We'll reproduce the first example from CausalInference.jl, where they also use a parametric correlation test to infer the skeleton graph for some normally distributed data.
using Associations
using StableRNGs
rng = StableRNG(123)
n = 300
v = randn(rng, n)
x = v + randn(rng, n)*0.25
w = x + randn(rng, n)*0.25
z = v + w + randn(rng, n)*0.25
s = z + randn(rng, n)*0.25
X = [x, v, w, z, s]
# Infer a completed partially directed acyclic graph (CPDAG)
alg = PC(CorrTest(), CorrTest(); α = 0.05)

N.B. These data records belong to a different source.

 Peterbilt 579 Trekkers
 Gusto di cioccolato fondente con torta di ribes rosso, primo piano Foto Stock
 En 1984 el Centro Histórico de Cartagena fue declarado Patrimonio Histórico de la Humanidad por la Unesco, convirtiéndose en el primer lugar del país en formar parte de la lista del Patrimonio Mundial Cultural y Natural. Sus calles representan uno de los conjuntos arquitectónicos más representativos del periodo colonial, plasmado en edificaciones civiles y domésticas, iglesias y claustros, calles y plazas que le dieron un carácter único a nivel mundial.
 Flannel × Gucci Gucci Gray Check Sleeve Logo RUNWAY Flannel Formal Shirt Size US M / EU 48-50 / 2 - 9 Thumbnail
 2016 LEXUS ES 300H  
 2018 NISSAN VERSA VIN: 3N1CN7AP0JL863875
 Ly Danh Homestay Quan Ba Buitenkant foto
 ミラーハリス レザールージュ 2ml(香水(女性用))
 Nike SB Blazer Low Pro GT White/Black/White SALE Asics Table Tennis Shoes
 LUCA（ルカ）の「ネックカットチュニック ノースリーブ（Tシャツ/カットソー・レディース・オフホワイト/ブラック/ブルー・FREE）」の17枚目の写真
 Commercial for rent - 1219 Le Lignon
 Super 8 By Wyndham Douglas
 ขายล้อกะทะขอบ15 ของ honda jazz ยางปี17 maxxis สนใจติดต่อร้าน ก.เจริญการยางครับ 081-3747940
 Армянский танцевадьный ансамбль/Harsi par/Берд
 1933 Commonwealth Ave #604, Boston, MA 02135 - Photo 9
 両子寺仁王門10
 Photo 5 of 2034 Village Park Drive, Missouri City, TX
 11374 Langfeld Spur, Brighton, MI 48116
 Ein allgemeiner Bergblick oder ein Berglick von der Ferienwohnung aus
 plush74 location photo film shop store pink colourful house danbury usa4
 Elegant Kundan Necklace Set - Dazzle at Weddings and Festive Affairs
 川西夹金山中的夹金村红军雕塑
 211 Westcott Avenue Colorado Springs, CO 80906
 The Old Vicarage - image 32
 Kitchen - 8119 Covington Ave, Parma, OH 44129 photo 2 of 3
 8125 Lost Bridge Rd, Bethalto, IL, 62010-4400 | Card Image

est_cpdag_parametric = infer_graph(alg, X; verbose = false)
# Plot the graph
plotgraph(est_cpdag_parametric; nlabels = ["x", "v", "w", "z", "s"])
Nonparametric tests
The main difference between the PC algorithm implementation here and in CausalInference.jl is that our implementation automatically works with any compatible and IndependenceTest
, and thus any combination of (nondirectional) AssociationMeasure
and estimator.
Here, we replicate the example above, but using a nonparametric SurrogateAssociationTest
with the Shannon mutual information MIShannon
measure and the GaoOhViswanath
estimator for the pairwise independence tests, and a LocalPermutationTest
with conditional mutual information CMIShannon
and the MesnerShalizi
.
using Associations
using StableRNGs
rng = StableRNG(123)
# Use fewer observations, because MI/CMI takes longer to estimate
n = 300
v = randn(rng, n)
x = v + randn(rng, n)*0.25
w = x + randn(rng, n)*0.25
z = v + w + randn(rng, n)*0.25
s = z + randn(rng, n)*0.25
X = [x, v, w, z, s]
est_pairwise = JointProbabilities(MIShannon(), CodifyVariables(ValueBinning(3)))
est_cond = MesnerShalizi(CMIShannon(); k = 5)
pairwise_test = SurrogateAssociationTest(est_pairwise; rng, nshuffles = 50)
cond_test = LocalPermutationTest(est_cond; rng, nshuffles = 50)
alg = PC(pairwise_test, cond_test; α = 0.05)
est_cpdag_nonparametric = infer_graph(alg, X; verbose = false)
plotgraph(est_cpdag_nonparametric)
We get the same basic structure of the graph, but which directional associations are correctly ruled out varies. In general, using different types of association measures with different independence tests, applied to general non-gaussian data, will not give the same results as the correlation-based tests.